Para cumplir con esta normativa las empresas pueden contar con Servicios de Prevención Ajenos que proporcionan profesionales con los suficientes conocimientos técnicos en la materia para desarrollar las medidas oportunas en este ámbito. Estas entidades privadas ofrecen el soporte necesario para conseguir garantizar las medidas de prevención en los puestos de trabajo.

El artículo 31 de la ley es el que hace referencia a estos servicios de prevención ajenos que se establecen como obligatorios cuando para las funciones correspondientes la designación de uno o varios trabajadores fuera insuficiente para la realización de las actividades de prevención, en función del tamaño de la empresa, de los riesgos a que están expuestos los trabajadores o de la peligrosidad de las actividades desarrolladas.

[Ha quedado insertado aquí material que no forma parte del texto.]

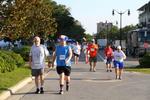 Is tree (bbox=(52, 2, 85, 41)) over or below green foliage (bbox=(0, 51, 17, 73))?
over

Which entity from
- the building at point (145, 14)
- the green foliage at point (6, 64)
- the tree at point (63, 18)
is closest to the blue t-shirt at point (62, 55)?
the green foliage at point (6, 64)

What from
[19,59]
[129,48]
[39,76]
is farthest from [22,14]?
[129,48]

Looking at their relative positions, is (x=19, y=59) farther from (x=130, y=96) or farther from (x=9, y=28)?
(x=130, y=96)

Estos Servicios de Prevención Ajenos realizan labores asistenciales y de asesoramiento para garantizar la efectiva protección de la seguridad y la salud de los trabajadores. Para ello deberán contar con la colaboración del empresario que deberá facilitar la información necesaria para la realización de estas tareas.

Los Servicios de Prevención Ajenos dan soporte a las empresas en materia de protección a los trabajadores

El artículo 31 en su apartado 3 establece cuáles son las funciones de los Servicios de Prevención ajenos que enumeramos a continuación:  

– El diseño, implantación y aplicación de un plan de prevención de riesgos laborales que permita la integración de la prevención en la empresa.

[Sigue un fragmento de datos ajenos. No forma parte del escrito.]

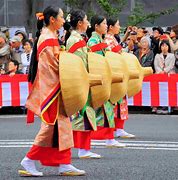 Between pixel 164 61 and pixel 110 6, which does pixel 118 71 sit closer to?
pixel 164 61

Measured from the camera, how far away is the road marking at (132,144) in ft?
35.1

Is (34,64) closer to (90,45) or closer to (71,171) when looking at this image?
(71,171)

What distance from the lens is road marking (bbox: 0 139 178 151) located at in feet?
35.1

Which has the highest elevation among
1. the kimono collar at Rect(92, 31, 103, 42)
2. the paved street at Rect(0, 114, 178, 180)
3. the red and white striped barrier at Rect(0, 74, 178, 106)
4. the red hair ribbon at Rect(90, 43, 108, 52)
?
the kimono collar at Rect(92, 31, 103, 42)

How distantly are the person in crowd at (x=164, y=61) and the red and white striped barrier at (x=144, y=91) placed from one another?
0.45 ft

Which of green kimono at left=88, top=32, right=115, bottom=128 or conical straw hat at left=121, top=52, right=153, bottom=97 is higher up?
conical straw hat at left=121, top=52, right=153, bottom=97

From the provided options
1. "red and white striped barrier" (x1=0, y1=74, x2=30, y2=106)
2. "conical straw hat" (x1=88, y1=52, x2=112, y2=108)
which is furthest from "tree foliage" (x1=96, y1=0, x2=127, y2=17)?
"conical straw hat" (x1=88, y1=52, x2=112, y2=108)

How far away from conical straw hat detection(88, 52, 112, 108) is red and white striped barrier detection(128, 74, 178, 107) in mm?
6567

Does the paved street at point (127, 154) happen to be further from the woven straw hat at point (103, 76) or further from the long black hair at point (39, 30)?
the long black hair at point (39, 30)

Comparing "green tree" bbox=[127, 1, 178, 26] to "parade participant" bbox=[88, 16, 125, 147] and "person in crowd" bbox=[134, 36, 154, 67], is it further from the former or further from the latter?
"parade participant" bbox=[88, 16, 125, 147]

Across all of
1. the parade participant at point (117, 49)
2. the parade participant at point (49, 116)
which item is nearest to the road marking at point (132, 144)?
the parade participant at point (117, 49)

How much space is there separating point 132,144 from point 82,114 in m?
1.68

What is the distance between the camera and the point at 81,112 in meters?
9.69

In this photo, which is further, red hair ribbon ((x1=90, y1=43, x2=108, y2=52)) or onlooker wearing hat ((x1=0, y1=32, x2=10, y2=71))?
onlooker wearing hat ((x1=0, y1=32, x2=10, y2=71)) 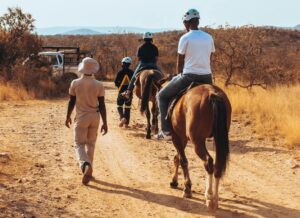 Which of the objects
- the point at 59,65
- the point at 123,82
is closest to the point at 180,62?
the point at 123,82

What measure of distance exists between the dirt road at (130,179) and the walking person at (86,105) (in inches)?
17.0

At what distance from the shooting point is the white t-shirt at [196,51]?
765cm

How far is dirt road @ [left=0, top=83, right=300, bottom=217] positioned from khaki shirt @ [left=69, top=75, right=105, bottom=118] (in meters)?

– La evaluación de los factores de riesgo que puedan afectar a la seguridad y la salud de los trabajadores.

– La planificación de la actividad preventiva y la determinación de las prioridades en la adopción de las medidas preventivas y la vigilancia de su eficacia.

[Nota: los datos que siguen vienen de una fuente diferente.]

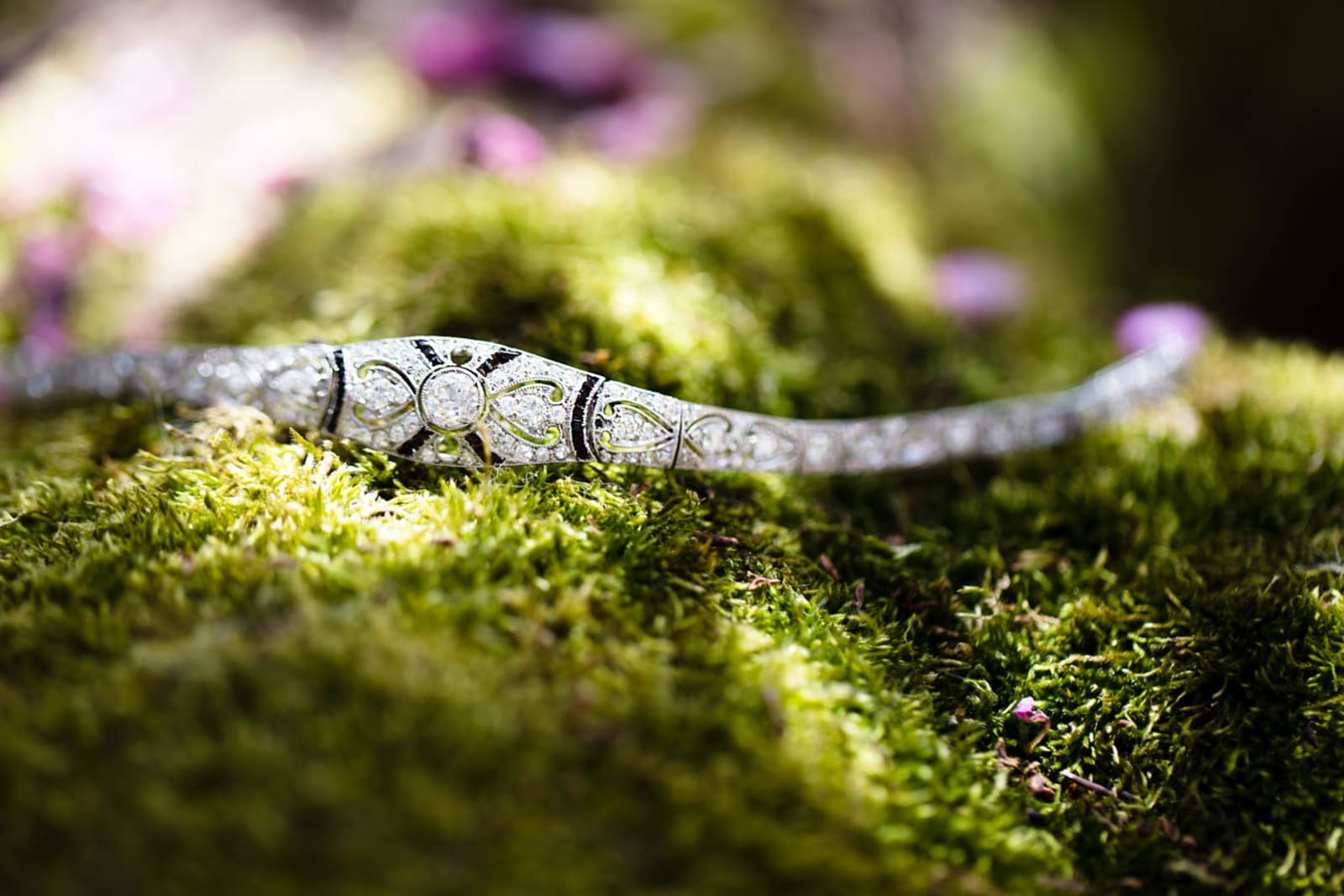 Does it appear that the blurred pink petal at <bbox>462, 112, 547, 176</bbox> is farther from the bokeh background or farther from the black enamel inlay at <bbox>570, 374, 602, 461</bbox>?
the black enamel inlay at <bbox>570, 374, 602, 461</bbox>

– La información y formación de los trabajadores. Esto recoge en los artículos 18 y 19 de la ley y hace referencia también a las labores de consulta y participación de los trabajadores o sus representantes,

– La prestación de los primeros auxilios y planes de emergencia.

-La vigilancia de la salud de los trabajadores en relación con los riesgos derivados del trabajo.

Toda esta regulación establece la importante función de los Servicios de Protección Ajenos en las empresas que no cuenten con infraestructura propia, siendo en muchos casos los verdaderos motores de la protección de la seguridad y la salud de los trabajadores a iniciativa de los empresarios.

Por otro lado, se requiere que estas entidades que ofrecen Servicios de Protección deben contar con una acreditación oficial para poder realizar su actividad dentro de los márgenes establecidos en la ley. Esta acreditación es otorgada por el Ministerio de Empleo y Seguridad Social a través de las Comunidades Autónomas.

Por ello, en los casos en los que el empresario no puede procurar por si mismo de manera suficiente las obligadas medidas de prevención para sus trabajadores, deberá recurrir a los correspondientes Servicios de Prevención Ajenos para poder cumplir este cometido con las máximas garantías.